What Is High Margin Housing Loan?

If you plan on purchasing a home, then the goal is to get approved for the largest amount on the loan as you possibly can right? You would want this because it would mean not having to pay as much out of pocket. It would mean you having more money on hand in order to take care of moving expenses or any other expense related to purchasing a home. The perfect option for you in this case might be what is called a high margin housing loan?

Now we just spoke of moving related expenses. A high margin housing loan can enable you to build some of these expenses into it. What this would do is offset your out of pocket cost even more, although it would lead to a bigger level of debt. If the key is getting access to the home you want, then you can’t go wrong here.

A high margin housing loan is simply you being able to get a high loan to value ratio for the property you’re looking to purchase. The margin is shown as a percentage of a property’s value. The smaller the margin of financing is, then the higher the equity usually is with a property. You might be able to get a high margin loan that can go all the way up to 95% in some cases. Just understand that this is going to be based on several factors. Here are a few of them:

  • The specific type of property you’re looking at getting into
  • Where the property is located, because this will certain impact its value
  • How old a borrower is, because age plays a part in financial trustworthiness to a lot of banks
  • How much income a borrower is bringing in on a consistent basis
  • Your risk profile in terms of how much risk would a bank is taking on with you.
  • Your debt servicing ratio, meaning the amount of money you spend each month versus how much you make.

Won’t every bank be willing to provide you with the same level of financing?

With a high margin housing loan the amount you can get is going to differ from bank to bank. Yes, some banks are going to have certain maximum amounts they will loan out, but depending on the banks credit policies you might find one bank is willing to do more for you than another.

One way to help yourself in this regard would be for you to understand the different credit guidelines for a given bank you’re going through in Malaysia. In any case it’s going to be tough to fully understand the total loan amount you can get, particularly if you’re a foreigner, a business person or a native who is employed overseas.

Is a high margin housing loan the most preferable option for you?
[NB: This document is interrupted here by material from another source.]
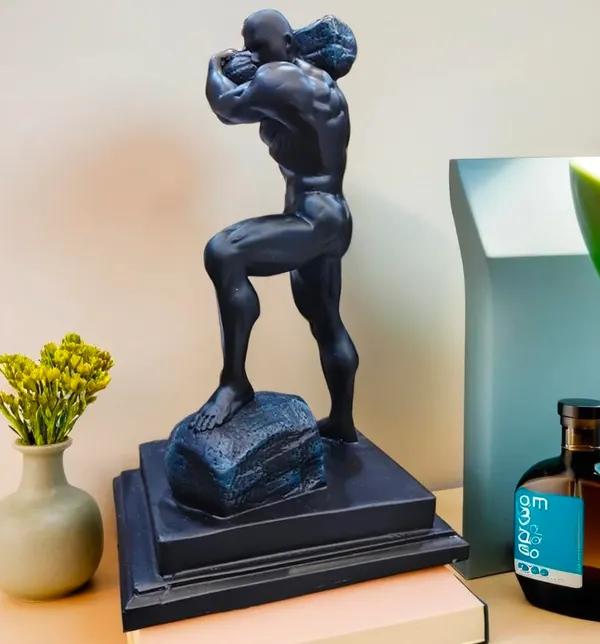 Resin_Man_Sculpture_End_Of_Text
Understand that the more money you’re able to get in order to finance the purchasing of a home, the more you’re going to owe. Now this might not be an issue for some, but for others it will be. You really need to have an understanding of what your finances are and what it’s going to mean for you to take on a high level of debt. If you are purchasing a home that does have equity in it already, then this would be preferred. It gives you an advantage from the start.

People who have higher income or more money in savings might not need as much financing as someone with lower income or less savings as well. In any case, a high margin loan is but another good way to grant access to Malaysian property for those who qualify.